Buller's proposed new mine could employ over 200 and still be operating in 2060 if it gets the green light, according to the head of Perth-based coal developer Bathurst Resources.
Bathurst plans to begin an export coking and thermal coal opencast mine at Denniston late next year in a joint venture with L&M Mining but is yet to obtain resource consents.
Bathurst's managing director, Hamish Bohannan, told the Westport News the mine would create at least 200 jobs including miners, plant operators, accounting and support staff.
Bathurst hoped to employ as many locals as possible.
The mine could be in production for 40 or even 50 years.
"We're confident with good planning and a bit of good fortune it will certainly be well over a 30-year project so it will give long-term and permanent rewards for the community."
Bathurst's initial production target is 1 million tonnes a year, increasing to 2m tonnes a year - more than the current annual production at Solid Energy's Stockton opencast mine.
Mr Bohannan said production might eventually ramp up to a cap of 4m tonnes a year.

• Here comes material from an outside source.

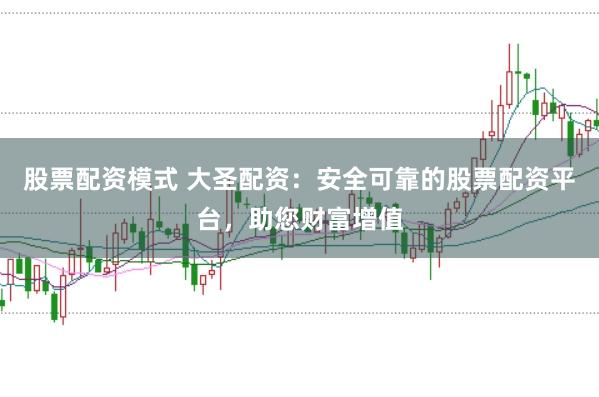 股票配资模式 大圣配资：安全可靠的股票配资平台，助您财富增值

"Our plan is to be mining towards the end of the next calendar year, to start producing coal shortly thereafter but, of course, the first activity we'll see is some construction which would start next spring."
Timing depended on the resource consent process. He was confident Bathurst would get consent.
Conservationists yesterday expressed concern the proposed mine might threaten endangered species, such as Powelliphanta snails and great spotted kiwi, and destroy increasingly rare sandstone pavement vegetation.
Mr Bohannan said Bathurst would take environmental issues into account, and relocate any Powelliphanta snails and giant spotted kiwi found.